In Ireland the sector is undergoing huge change and although it has Government support, this change is slow as each measure from the National Social Enterprise Policy goes through the process for research and implementation. One example is the research just started to look at whether Ireland should have a dedicated legal form for the sector.

This research is welcome, but it will take time, in the meantime, the Mark provides an opportunity for social enterprises now, within an achievable time frame, to show they are a true social enterprise achieving true social impact.  This opens up opportunities in Ireland and abroad for access to funding and collaboration opportunities that will grow and strengthen the social enterprise thereby growing social impact.

“We need a big push to recognise the commercial aspect of social enterprises and see that side as being equally important to the social good aspect”

What policy decisions need to be made to help the sector flourish?

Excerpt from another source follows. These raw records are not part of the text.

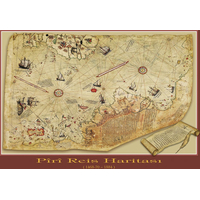 ART PUZZLE Puzzle Mapa kapitána Reise 1000 dílků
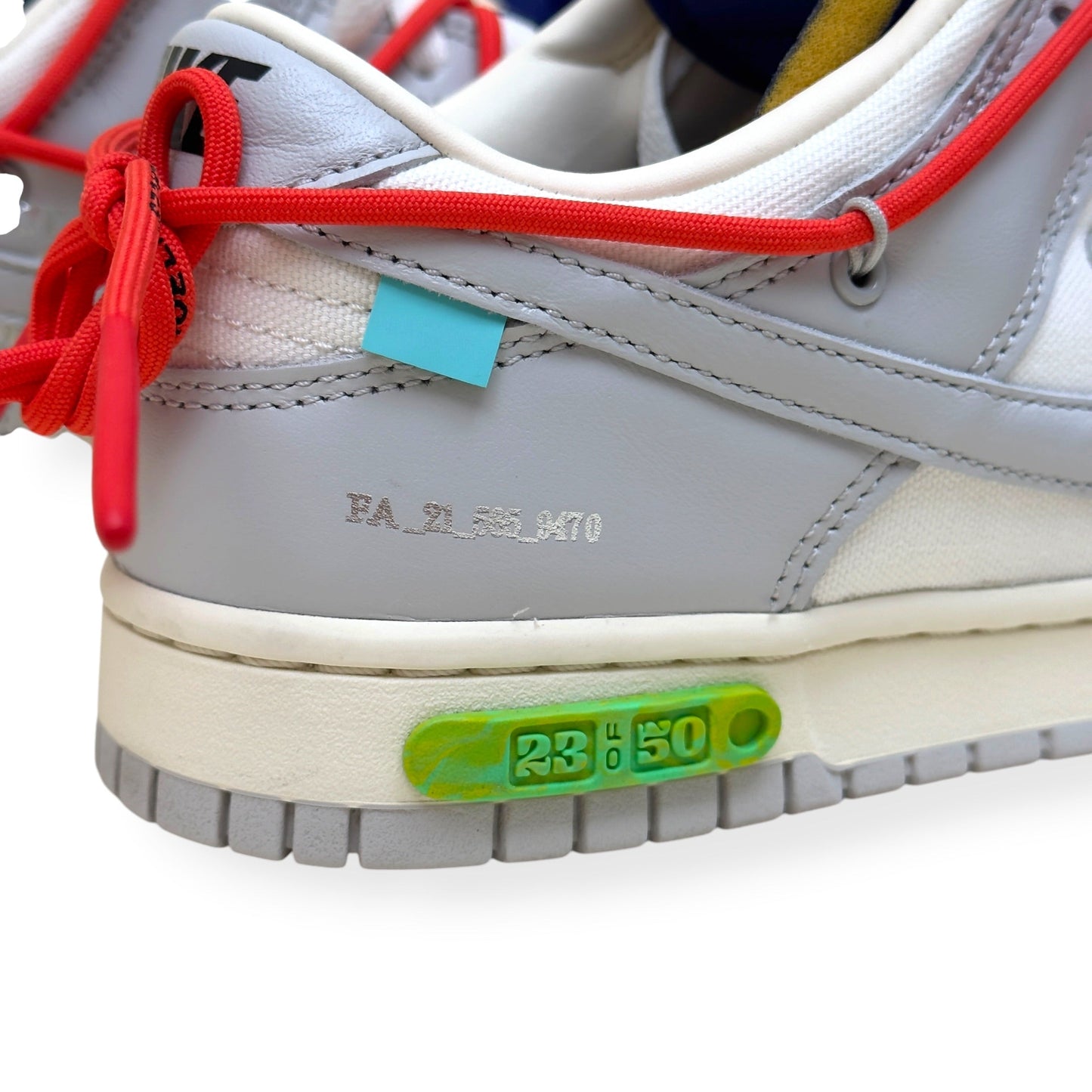 NIKE X OFF-WHITE DUNK LOW TOP SNEAKER 'LOT 23 OF 50' UK8 | UK 8, White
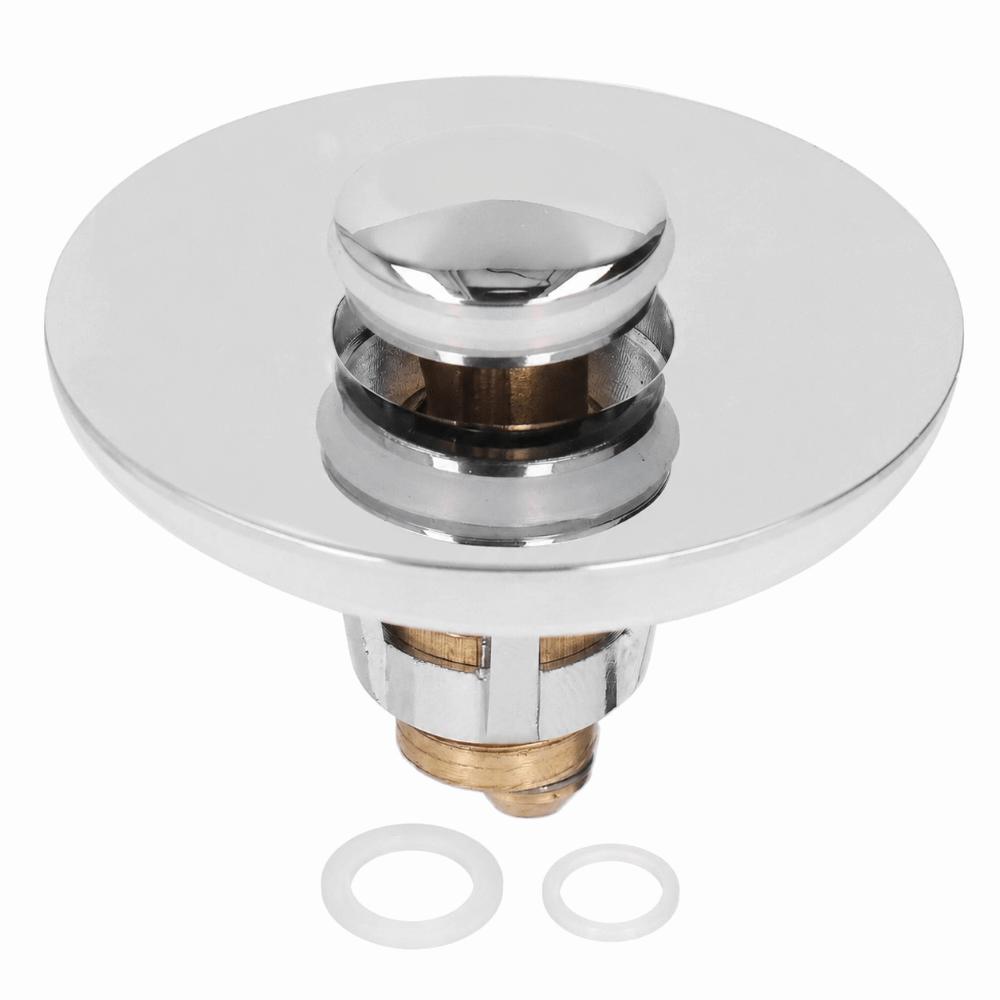 Push Button Sink Drain Stopper Brass Basin Drain Filter Durable Bounce Core Stopper  Kitchen Sink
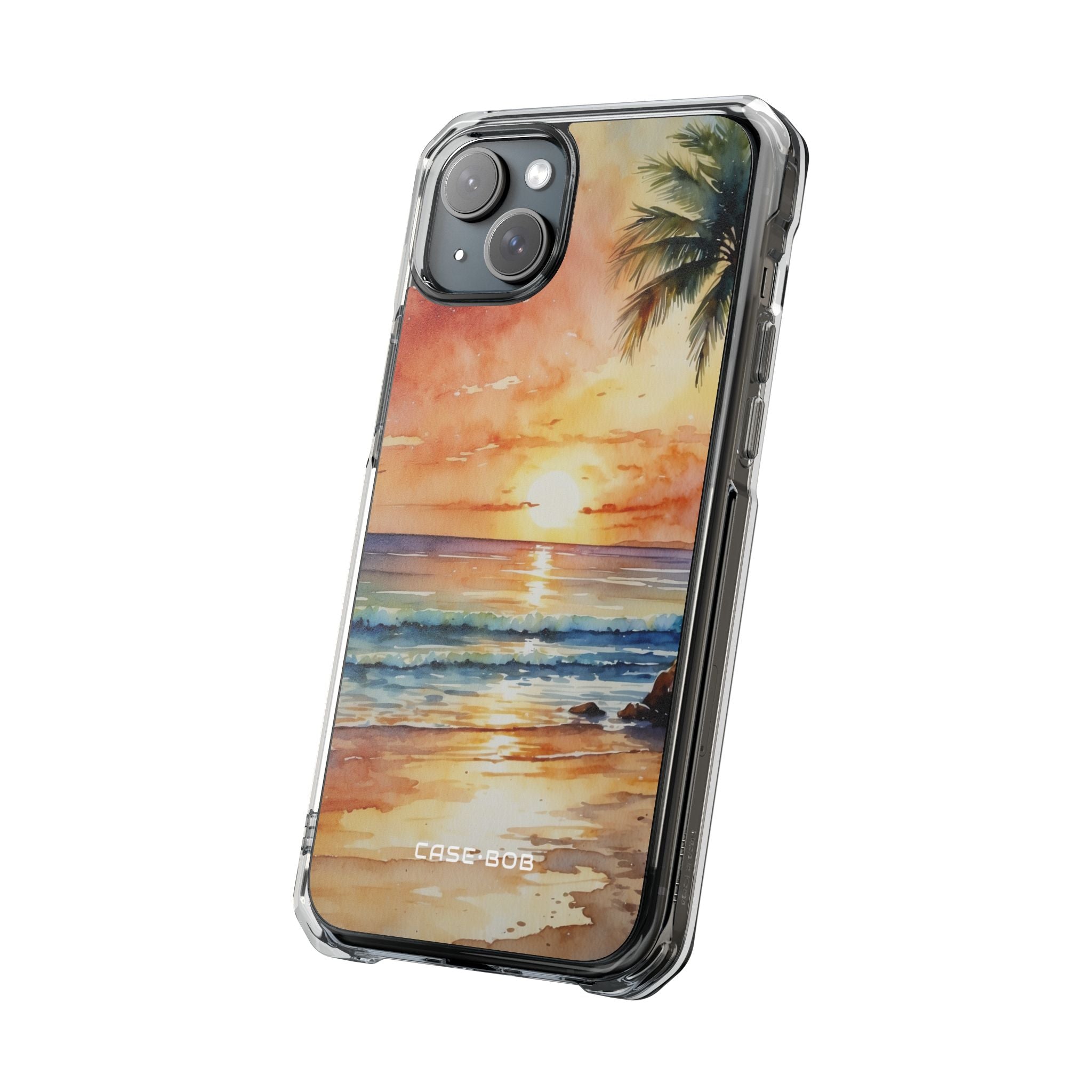 Sunset Palm iPhone 15 Plus Case - Impact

There is so much can be done at policy level but the three pressing issues are:

Legal and Governance Compliance: In Ireland there is no distinct legal form for Social Enterprises and currently they can adopt one of the existing legal structures provided for through the Companies Act. This coupled with governance compliance causes confusion resulting in choices that may not suit the growth and scaling of the enterprise, or more worrisome practices that fall short of good governance. A more simplified system is required to ensure a better setup and practice.

Funding: Sourcing and access to funding for both start and to scale up the social enterprise. It is really important that funding frameworks are simplified, and the administrative procedures for applying for funding to be improved.

Collaboration: Collaboration can help social enterprises access funding or contracts, deliver services that they may not have the capability or capacity to deliver alone, reach wider geographical markets, and make financial savings through shared overheads and staff. Shared expertise and knowledge, building better partnerships across all sectors, strengthens all sectors, not just the Social Enterprise sector.  Collaboration requires a deeper understanding and educating all sectors about what a social enterprise is and how it operates. We need a big push to recognise the commercial aspect of social enterprises and see that side as being equally important to the social good aspect.